Helene Hanff, adapted for the stage by James Roose-Evans
Salisbury Playhouse
Salisbury Playhouse

Janie Dee Credit: Helen Maybanks
Clive Francis Credit: Helen Maybanks

I don’t imagine there are many love stories which begin with a letter that starts "Dear Madam" and ends "Yours faithfully" or have a business address as their title.

And if Helene Hanff had known, as she laboured at her typewriter on 5 October 1949, in her unheated New York bedsit, writing articles and scripts and collecting rejection slips, what personal joys, eventual wealth and world-wide recognition her letters (the correspondence continued until 1968) would bring—but then perhaps the book which comprises those letters would never have been written, or it wouldn’t have been the 84, Charing Cross Road we know and love.

The letters to number 84 reflect the ever-present hunger for literature which dominates Helene’s life, while Frank Joel is the man who seeks with gentle courtesy to satisfy her voracious appetite from across the width of the Atlantic Ocean. And so the relationship develops.

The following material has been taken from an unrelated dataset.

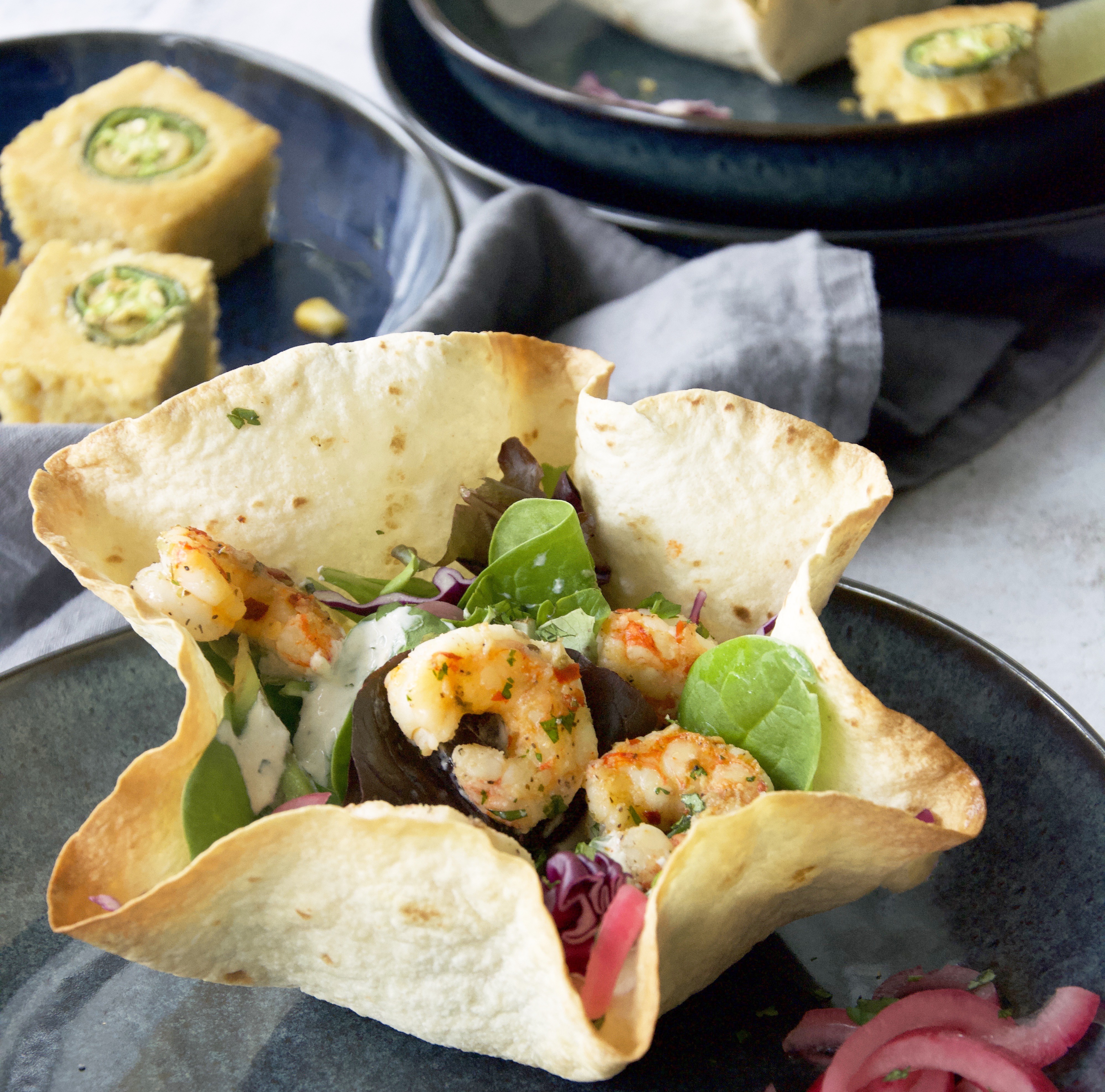 Shrimp Taco Bowl & Elote Cornbread Cinco de Mayo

During the post-war era, when the UK is experiencing real austerity as the most basic foods are strictly rationed, Helene keeps the staff of 84 supplied with meat and other luxuries. Soon "Dear Madam" becomes "Dear Helene", "Yours faithfully", "Love, Frank". Family news is exchanged and Helene is deluged with invitations to London.

Sadly, work commitments and financial pressures mean that the trip has to be put off many times. Will she get there in the end? We all desperately hope so.

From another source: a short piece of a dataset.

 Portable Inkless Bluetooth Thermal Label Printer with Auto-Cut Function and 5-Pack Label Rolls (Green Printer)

Presenting a play based on a series of letters isn’t going to be easy, though, is it? Director James Roose-Evans, who first adapted the book for the stage at Salisbury in 1981 with Rosemary Leach in the starring role, after which it transferred to the West End collecting awards on the way, found the perfect solution.

He has two sets, Helene’s tiny apartment, with its book-covered walls, is at one
side of the stage while the bookshop takes up the major part. The letters are read by the sender with appropriate reactions from the recipient and this is the character on whom we focus.

Helene is the hub around which the action revolves, of course. But Janie Dee isn’t acting. She is Helene. Funny, feisty and smart, we recognise her at once and follow her initial probes into Frank’s (Clive Francis) rather stuffy formality with attention which becomes deeper and more empathetic as sthe play progresses.

But it’s not just Helene and Frank in this play, is it? The staff at number 84—the manager, Mr Martin (Ted Merwood), the office boy, Willliam (Samuel Townsend), Megan, Joan and Cecily (Lysette Anthony, Jemma Churchill and Alice Haig), who also read and respond to Helene’s generosity as well as her letters—all offer their friendship to the lonely Helene. Like us, they become her extended family. We love them all.

84, Charing Cross Road definitely not to be missed, then. And if, like me, you sometimes feel a bit despondent about the decline in reading, the depressing numbers of closed bookshops in your district and the latest news that library issues in the UK were down by 4 million last year, you might have been encouraged by the sight of members of the audience—some of them teenagers—enthusiastically queuing to buy a copy of 84 in the Playhouse foyer after the show.